Life Happens

Tentang Rumah Nenek, Dimana Kami Akan Selalu Jadi Anak Kecil

Selamat pagi kasurku yang seperti biasa terlihat menawarkan kenyamanan berlebih setiap pagi. Halo teras depan yang sering sekali menjadi bahan gerutuan. Kamu pasti rindu sekali padaku sampai-sampai menghadiahi keributan mahasiswa baru yang mempersiapkan ospek sampai jauh malam di hari pertamaku kembali. Dan halo juga kamu bangunan seberang rumah, rupanya pembangunannya belum selesai ya, pantas saja bising alat konstruksi masih menembus gendang telingaku pagi ini. Dan tentu saja, selamat datang kembali hari-hari tanpa sarapan pagi~

Ritual pertama setelah sampai di kosan tentu saja bersih-bersih lantai, meja dan piring-piring yang berdebu setelah ditinggal lebih dari setengah bulan. Oh, dan terutama saja tentu kasur! Adik saya bilang saya itu Putri Kacang Hijau, bukannya Putri Kacang Polong seperti dalam cerita dongeng, karena nggak bisa tidur kalau kasur yang digunakan ngeres, dalam bahasa Sundanya. Emm, apa ya istilah bahasa Indonesianya, “terasa seperti berpasir” mungkin? Suka bingung menemukan padananan bahasa Indonesia untuk istilah seperti itu.

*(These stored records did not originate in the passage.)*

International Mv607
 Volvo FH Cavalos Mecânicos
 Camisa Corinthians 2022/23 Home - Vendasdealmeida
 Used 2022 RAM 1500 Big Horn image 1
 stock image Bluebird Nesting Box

Lebaran di rumah nenek menyenangkan seperti biasa. Banyak orang berkumpul yang membuat suasana ramai, acara jalan-jalan satu keluarga besar, berkunjung ke rumah saudara yang lain. Tapi kadang-kadang saya rindu kesunyian, rindu keadaan dimana kamu harus mengurus dirimu sendiri. Terkadang para nenek dan saudara-saudara orang tua suka merasa kalau kita masih anak SMP yang segala macamnya harus diurus dan bisa menghilang atau nyasar entah kemana kalau dibiarkan pergi sendirian.

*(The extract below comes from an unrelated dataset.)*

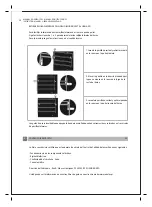 Preview for 38 page of Meireles MF 7606 X Installation, Use And Maintenance Handbook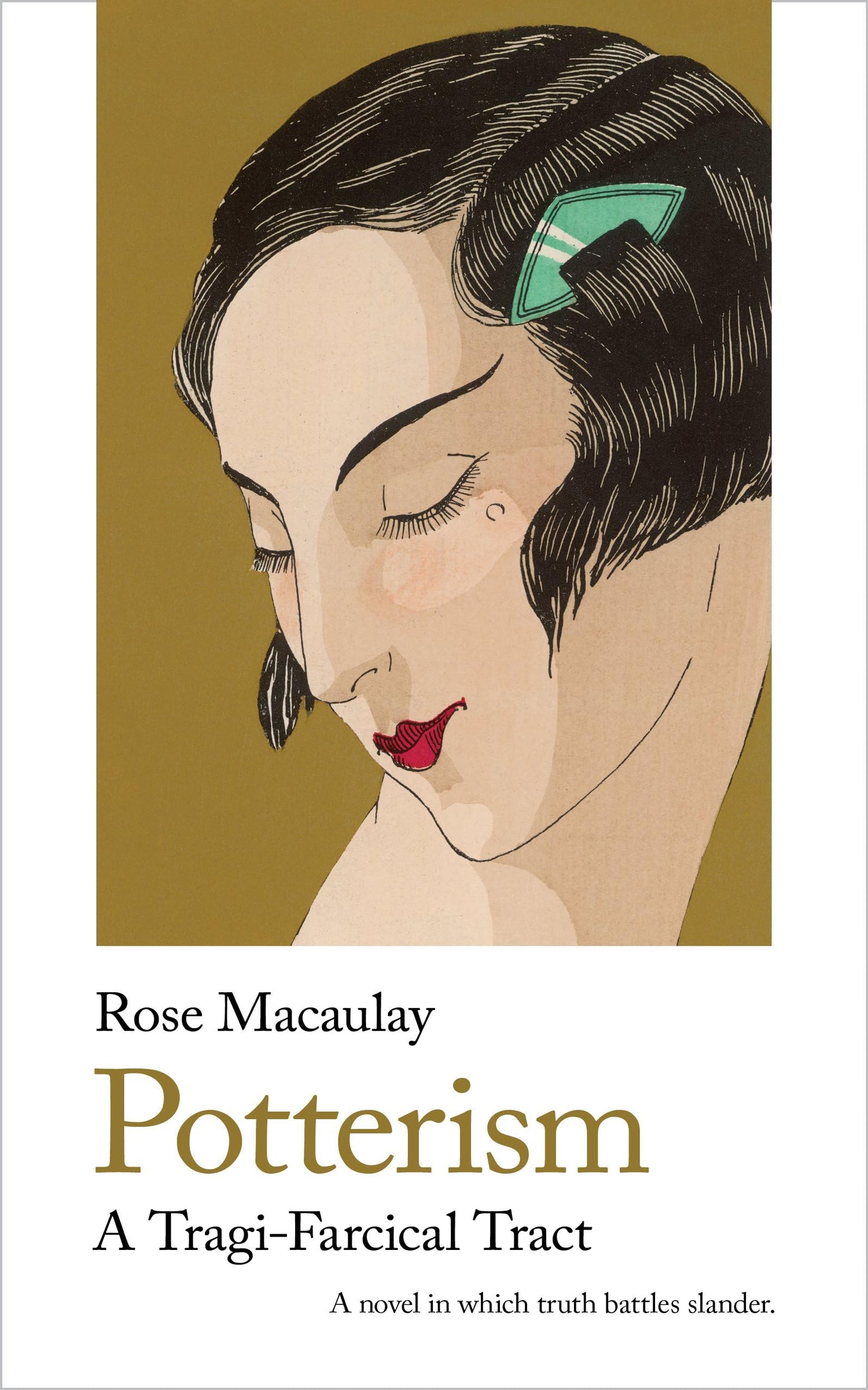 Potterism book cover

Overprotective. Itu tandanya mereka peduli, saya tahu. Tapi tetap saja~

Toh sudah beberapa tahun terakhir saya tinggal di tempat yang sebelumnya tidak pernah saya datangi sama sekali, seorang diri, tanpa keluarga, jauh ataupun dekat. Saya belajar mengurus diri, belajar menghapalkan jalan, jalur angkot, tempat-tempat yang diperlukan untuk menyambung hidup (oke, ini lebay). Nggak tahu jalan, tinggal tanya, or google it~

Bahkan ketika PKL mengharuskan saya untuk hidup di kota sebelah, yang berarti kosan baru, lingkungan baru, jalanan kota yang tidak dikenal sama sekali, orang-orang baru, I survived it. Jangan lupa juga ketika saya dan beberapa teman memutuskan untuk travelling ke Solo dan Jogja berbekal pengetahuan arah dan informasi yang didapatkan dari internet.

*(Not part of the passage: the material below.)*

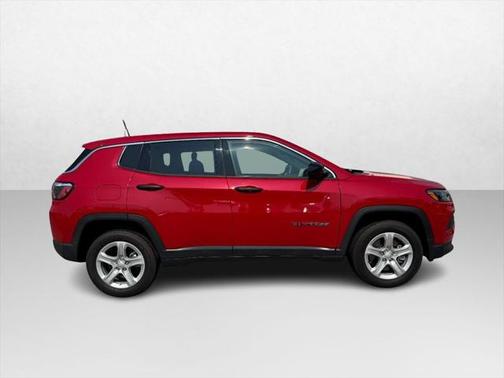 2023 Jeep Compass Sport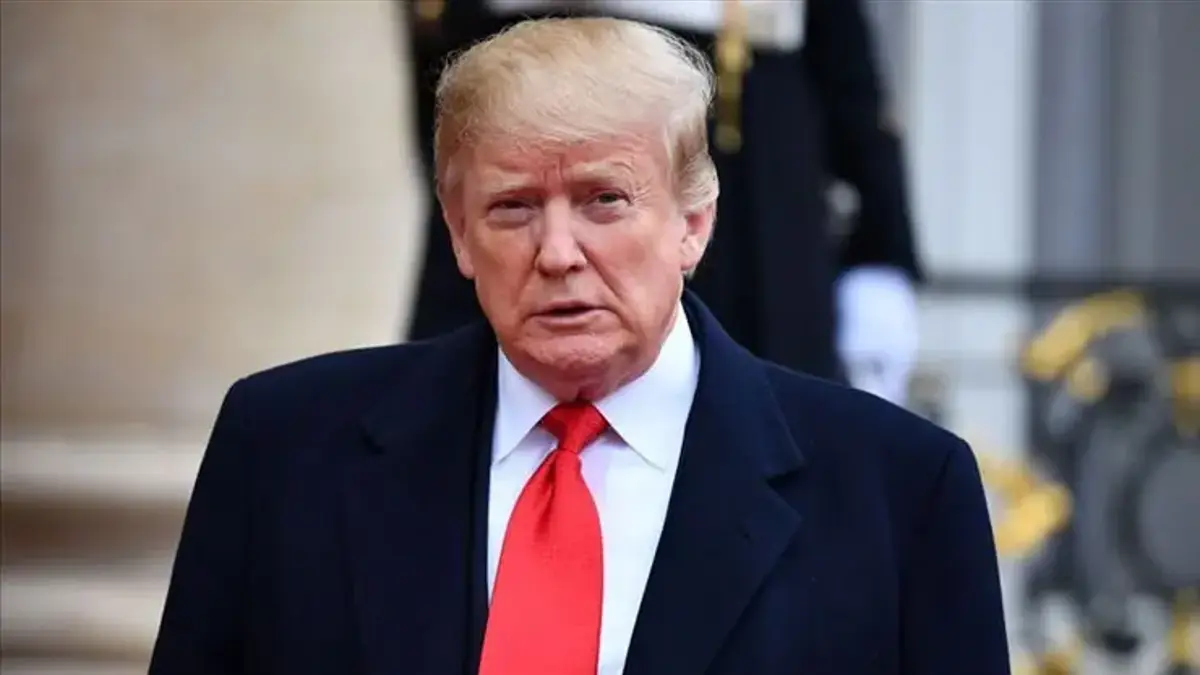 Trump: İran'la yarın anlaşma imzalanacak, Hürmüz Boğazı herkese açık olacak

Jadi Insya Allah, saya nggak akan hilang hanya karena saya dan adik saya memutuskan untuk ke Pasar Baru, ke mall, ke toko buku, tanpa diantar-antar walaupun kami sekarang ke Bandung cuma setiap lebaran dan acara keluarga. Insya Allah kita juga nggak akan hilang karena memilih untuk mengurus pindahan adik saya ke kosannya di Jatinangor sendirian.

So please, bahkan orang tua kami pun membiarkan anak-anaknya mengurus urusannya sendiri-sendiri.

I know you care, but we’re not children anymore. Tapi mungkin bagi kalian kami selamanya akan tetap menjadi anak kecil. Seperti halnya seorang paman yang terheran-heran ketika menyadari bahwa saudara sepupu saya yang usianya terpaut enam bulan dari saya sudah hampir menyelesaikan kuliahnya.

About Faye

sometimes i forget i live in a real world

Discussion

2 thoughts on “Tentang Rumah Nenek, Dimana Kami Akan Selalu Jadi Anak Kecil

  1. memang pasti kalau ketemu kakek nenek, pasti segede apapun kita pasti sellau dipandang masih anak kecil aja..

    terutama kalau ketemu cuma setaun sekali, jarang interaksinya
    jadi pasti yang keinget pas kita masih kecil aja

    Posted by Prib | September 14, 2012, 13:59
    • kadang risih juga sih ya, ngerasa umur udah segini (tua nak, kamu sudah tua /plak), tinggal aja apa-apa sendiri di kosan, kok mau ke pasar atau ke toko buku aja orang masih ribut (pouty)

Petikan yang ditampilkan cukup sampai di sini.